How do you find the product \[(2a + 9)(5a - 6)\] ?

Answer 1

Hint: Here we are asked to find the product of \[(2a + 9)(5a - 6)\] . So here we will multiply each individual term given in the left parenthesis with the individual term provided in the right parenthesis. With the help of distributive law of multiplication we can find the product by considering \[(2a + 9)\] and \[(5a - 6)\] as two binomials.
The formula used for solving the above question is most commonly seen as a horizontal distributive set up. As there are two binomials so firstly we will multiply (distribute) this term with each of the terms in the second binomial. Later on we'll take the second term in the first binomial and distribute this term times each of the terms in the second binomial. Lastly we will add the terms after combining them.

Complete step by step solution:
So here through the use of distributive law of multiplication we will multiply each individual term by each individual term in the right parenthesis and after combining the like terms we will find the product
 \[
   \Rightarrow (2a + 9)(5a - 6) \\
   \Rightarrow (2a(5a - 6) + 9(5a - 6) \\
   \Rightarrow 10{a^2} - 12a + 45a - 54 \;
 \]
Now we will combine the like terms and get
 \[10{a^2} + 33a - 54\]
So the product of \[(2a + 9)(5a - 6)\] comes out to be \[10{a^2} + 33a - 54\]
So, the correct answer is “ \[10{a^2} + 33a - 54\] ”.

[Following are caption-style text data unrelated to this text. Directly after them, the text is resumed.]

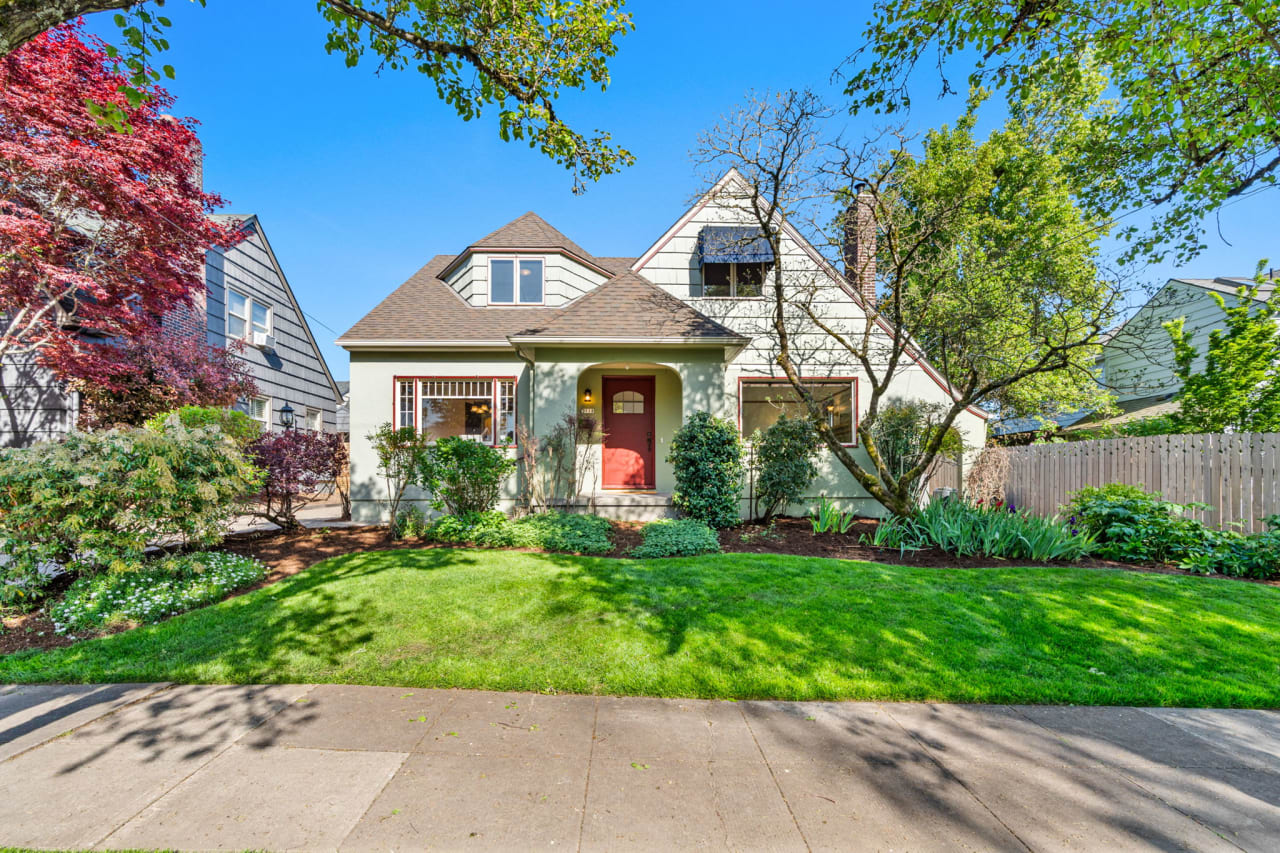 Just Listed | Timeless Elegance in Alameda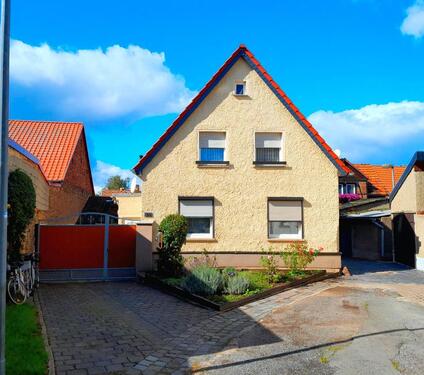 Foto - Einfamilienhaus mit Nebengelass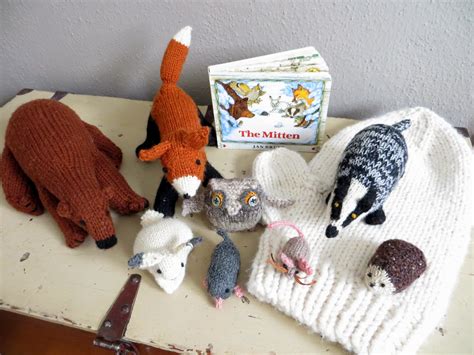itty bitty love: hand-knit story props for The Mitten by Jan Brett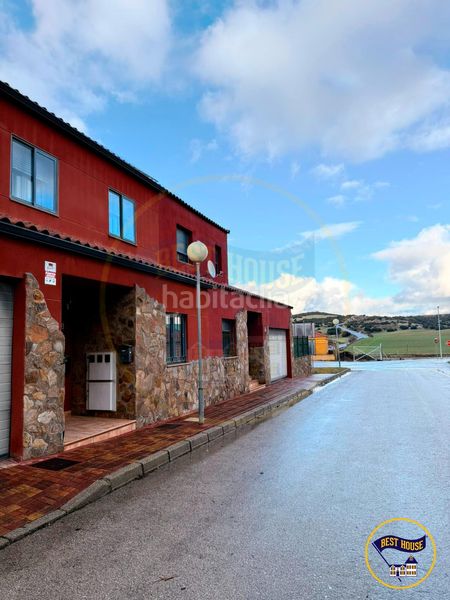 Foto b87130cc-ba06-4ea3-92e9-bb1901683d39. Casa adossada amb aparcament a Villar de Olalla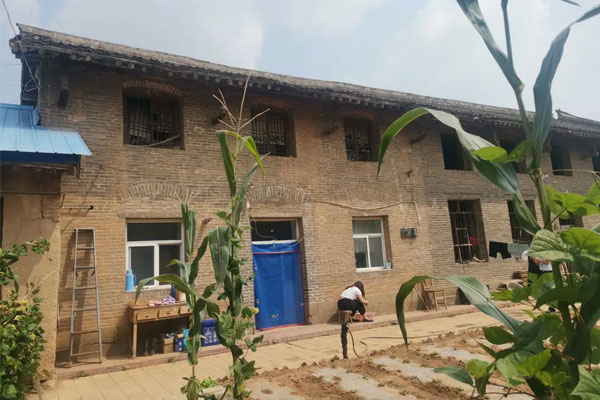 现与母亲借住在村里一户无人居住的幼院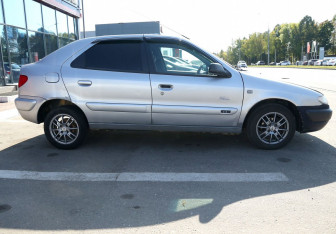 Подержанный автомобиль Citroen Xsara Hatchback 2000 года (7 фото)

Note: While multiplying two binomials, there are four multiplications done in which each of the first two terms is multiplied with each of the second two terms and the order of multiplication can be in any order.
Notes: The above given equation can be solved by the use of column distributive setup also called as vertical distributive set up. FOIL method is used here which is a technique for distributing two binomials. Where First means to multiply the term occurring in each binomial, Outer means to multiply the outermost term in the product while Inner term stands for multiplying the innermost terms and Last means to multiply the term occurring lastly in each binomial.